Y, sin embargo, por increíble que parezca, este historiador de minuciosas nimiedades, este
Toynbee al revés, tiene en reserva, como un triunfo que va a sacarse de la
manga, un precioso mensaje para el público. En mucho mayor grado que la mayoría
de los otros sabios y especialistas, el sumerólogo se halla en condiciones de
satisfacer esa curiosidad universal que tiene el hombre respecto a sus orígenes
y a los primeros artesanos de la civilización.
¿Cuáles
fueron, por ejemplo, las primeras ideas morales y los primeros conceptos
religiosos que el hombre haya fijado por medio de la escritura? ¿Cuáles fueron
sus primeros razonamientos políticos, sociales, incluso filosóficos? ¿Cómo se
presentaron las primeras crónicas, los primeros mitos, las primeras epopeyas y
los primeros himnos? ¿Cómo fueron formulados los primeros contratos jurídicos?

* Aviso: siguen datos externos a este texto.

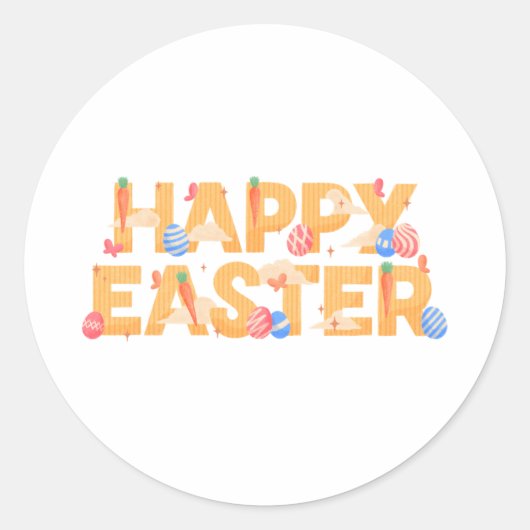 Happy Easter ラウンドシール (正面)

¿Quién fue el primer reformador social? ¿Cuándo tuvo lugar la primera reducción
de impuestos? ¿Quién fue el primer legislador? ¿Cuándo tuvieron lugar las sesiones
del primer parlamento bicameral y con qué objeto? ¿A qué se parecían las
primeras escuelas? ¿A quién y por parte de quién se daba la enseñanza? ¿Qué
programa había en las escuelas?
Todas estas «creaciones»
y otras muchas más que iluminan los albores de la Historia hacen la delicia del
sumerólogo, quien, incidentalmente, puede responder correctamente a muchísimas
preguntas relativas a los orígenes de la civilización. No se trata, desde
luego, de que el sumerólogo sea un genio, de que esté dotado de segunda visión,
ni de que sea una persona excepcionalmente sutil o erudita. Casi diríamos que
todo lo contrario; el sumerólogo es un hombre de capacidad limitada, al que
generalmente se
coloca en los últimos peldaños, los más bajos, de la escalera
del saber, entre los sabios más humildes. La gloria que acompaña esas múltiples
«creaciones» realizadas en el orden cultural no pertenece al sumerólogo sino a los sumerios, a esas
gentes tan bien dotadas y prácticas que, hasta que no se tengan otras
informaciones, hemos de considerar como los primeros en constituir y elaborar
un sistema de escritura cómoda.
Es curioso comprobar que sólo hace cien años se ignoraba todo de esos lejanos sumerios,
hasta su misma existencia. Los arqueólogos y eruditos que, hace poco menos de
un siglo, emprendieron una serie de excavaciones en esa parte del Mediano
Oriente llamada Mesopotamia no buscaban allí los vestigios de los sumerios,
sino los de los asirios y babilonios. Por fuentes de procedencia griega o
hebraica disponían de un considerable cúmulo de información sobre los asirios y
los babilonios y sus respectivas civilizaciones, pero, en cuanto a los sumerios
y a Sumer, ni sospechaban su existencia siquiera. Entre toda la documentación
accesible a los eruditos de la época no había ni un sólo indicio identificable
de aquel país ni de aquellas gentes. El mismo nombre de Sumer se había borrado
de la memoria de los hombres desde hacía más de dos milenios.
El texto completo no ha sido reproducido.